Un paseo en las nubes, por Francisco Royo Hernández
No hay encuestas ni sondeos ni cifras estimadas sobre cuántos hombres en la Tierra han sido capaces de pisar el cielo; de permitirse el lujo de dar un paseo por las nubes. Mi mayor y mejor periplo lo hice en la región de Uyuni, en Bolivia. En aquel viaje atravesamos el sonrojo de un sueño desértico, de lagunas egoístas que se habían quedado todos los colores y, por último, un paraje mágico donde la lluvia había hecho que se perdiera la frontera nubosa que separa.
Mensaje en una botella, por Irune Zabala
Partí un 23 de junio desde la playa de Sopelana. Al alejarme con la marea, recuerdo las fogatas de San Juan iluminando la costa. Tras meses a la deriva caí en la red de un pescador junto a un centenar de peces que aleteaban tratando de escapar. Cuando el barco llegó al puerto de Papeete, en Tahití, el pescador me apartó de entre los peces lanzándome por encima de su hombro. Caí a los pies de una niña que leyó mi mensaje: “Llévame contigo”. Desde entonces, cada noche soporto la vela que alumbra sus lecturas.
Mi gigante azul, por Amalia Suárez
La mirada se pierde en el horizonte sin poder alcanzar su origen. La inmensa masa de hielo inunda todo el campo visual. Desde entonces, pienso en cómo estará mi hermoso gigante, avanzando, cerrando poco a poco el paso del agua entre el Brazo Rico y el canal de los Témpanos.

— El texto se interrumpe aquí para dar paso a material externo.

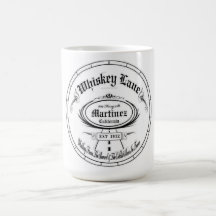 Mug de café 15 oz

Ese muro que volverá a derrumbarse… El sol reflejado en el azul intenso de sus grietas y los rugidos de los bloques que se desprenden inexorablemente. Miles de años congelados posan en perpetuo movimiento.
Bailando samba, por Olga Recio
Viajando a Brasil nos hicimos famosos. Vimos la maravilla de las cataratas de Iguazú, paseamos por la Chapada Diamantina, bailamos samba en Salvador de Bahía, perfectas puestas de sol en Morro de São Paulo y llegamos al espectacular Río de Janeiro cuando nos paró un joven por la calle y nos dijo: ¿Queréis participar en mi vídeo musical para un concurso? Y sin dudarlo nos pusimos a cantar aún sin saber portugués, pero el vídeo ganó y nosotros salimos en los minutos 1:20 y 2:37.
El Risco seguía allí, por Lucía Álvarez Rodríguez
La gota de agua condensada se deslizó por el vaso hasta su mano. Despertó. Los hielos de su mojito la saludaron tintineando. Alzó la pamela y con ella la vista. El Risco seguía a su derecha. La playa, azul y violeta, a su izquierda. De frente, el océano, inmenso y vivo. Un océano mágico, que había lavado las capas de maquillaje, asfalto y prisas de su día a día. Mientras caminaba mar adentro, pellizcando arena con los dedos de los pies, Lucía se repetía a sí misma: “Un día, Lanzarote será mi casa”.